Once again, the SAP Management Console is a good starting point if you suspect a leaking program. The following graphic shows the AS Java Heap memory view in the MMC. If there is a memory leak, the heap is continuously growing.

Heap Memory Information in the Management Console

This graphic is explained in the accompanying text.

The node AS Java GC History also shows the number of GCs and number of full GCs that have already been run. You also get some statistical information for the GCs that have taken place. This is useful to determine the memory usage trend of the system (is the heap growing slowly/quickly , in which time-frame and so on).

This graphic is explained in the accompanying text.

Another interesting dump is the class statistic dump which is contained in the thread dump. It summarizes the objects found in the generations of the Java heap. It displays the number and the cumulated size of the objects in specific generations. This allows you to identify the classes whose objects consume the most space. Additionally it can be used to check which classes and class loaders are still alive, to track down memory leaks in the permanent generation.

Example Example

The information contained in the thread dump in our example looks like:

J num   #instances     #bytes   class name

J  ---------------------------------------------------------------------

J    1       10257   42176784   OOM$Leak[]
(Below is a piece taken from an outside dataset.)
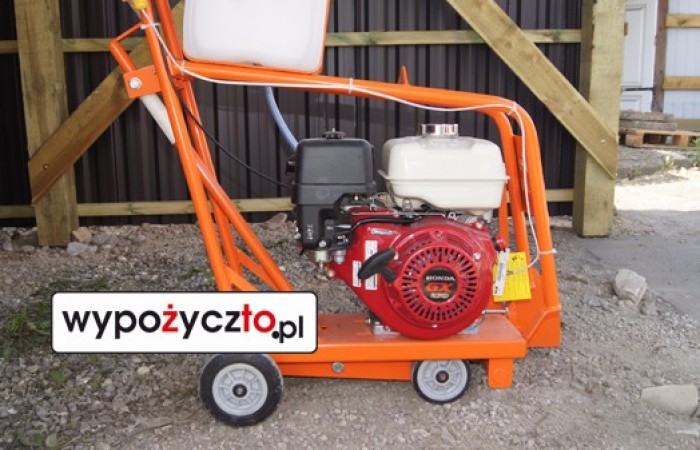 Przecinarka do betonu jezdna wypożyczalnia maszyn budowlanych ogrodowych najem maszyn wypożyczalnia zagęszcarek maszyn ogrodowych piotkrów bełchatów łowicz (9)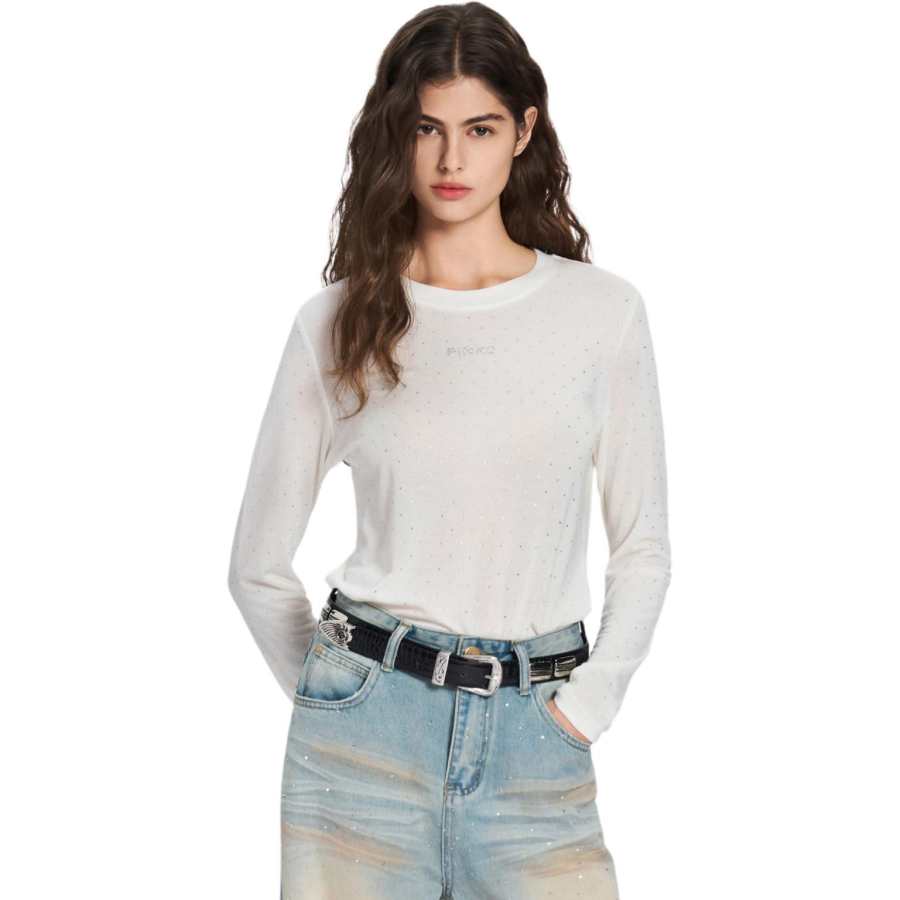 PINKO Regular Sleeve T Shirt Women's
J    2       10258     246192   java.util.LinkedList$Entry

J    3         310      57456   char[]

J    4          21      44816   byte[]

J    5         470      12128   java.lang.String[]

...

J Total      24007   43162588

End of the example.

In our example, the class OOM$Leak consumes 99 % of the Java heap. In order to examine why these objects are still alive, a heap dump is needed. This heap dump can be analyzed further with tools like the SAP Memory Analyzer or jhat to find the root cause of the memory leak.

In this example, we did a lot of manual steps to analyze the memory leak. To analyze a memory leak, a typical set of information (a class statistic, a heap dump, …) is helpful in all cases. The SAP JVM can store a lot of this needed data when an OutOfMemoryError occurs and allows a post mortem analysis.

When the VM options

  • -XX:+DumpGCHistoryOnOutOfMemory

  • -XX:+DumpDetailedClassStatisticOnOutOfMemory

  • -XX:+HeapDumpOnOutOfMemoryError

are set, a GC history, a class statistic, and a heap dump are created when an OutOfMemory error occurs. These options are not set in the default configuration, as a large amount of data is created. You should set these options when you experience many out-of-memory situations and want to track them down.